Anyhow for xHCI the list of methods is mapped in drivers/usb/host/xhci.c, where urb_enqueue is assigned with xhci_urb_enqueue() (no surprises here). This function allocates a private data structure with kzalloc() and assigns urb->hcpriv with a pointer to it, and then calls xhci_queue_bulk_tx() (defined in drivers/usb/host/xhci-ring.c) for a bulk transfer URB.

xhci_queue_bulk_tx() calls queue_trb() which actually puts 16 bytes of TRB data into the Transfer Ring (per section 6.4.1 in the xHCI spec), and calls inc_enq() to move the enqueue pointer.

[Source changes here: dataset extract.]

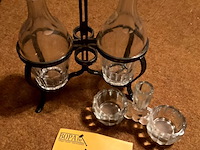 Lot 474 - set olie azijn stelletje/peper en zoutvat, 2 stuks - afbeelding 3 van  3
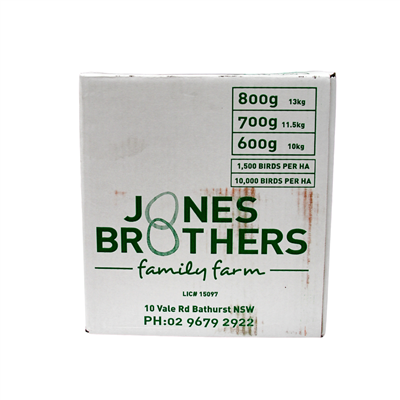 EGGS FREERANGE 850G TRAY JONES BROTHERS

Once the hardware xHCI controller finishes handling the TRB (for better or worse), it queues an entry in the event ring, and issues an interrupt, which is handled by xhci_irq() (also in xhci-ring.c). After several sanity checks, this ISR calls xhci_handle_event() until all events have been handled, and then does the housekeeping tasks for confirming the events with the hardware.

The interesting part in xhci_handle_event() is that it calls handle_tx_event() if the event was a finished transmission URB. This happens to be the function that emits the warning in the title under some conditions. After a lot of complicated stuff, it calls process_bulk_intr_td() for a BULK endpoint TD. Which in turn calls finish_td(), which returns the TD back to the USB subsystem: It calls xhci_td_cleanup(), which checks if all TDs of the relevant URB have been finished. If so, xhci_giveback_urb_in_irq() is called, which in turn calls usb_hcd_giveback_urb() (defined in drivers/usb/core/hcd.c). That function launches a tasklet that completes the URB.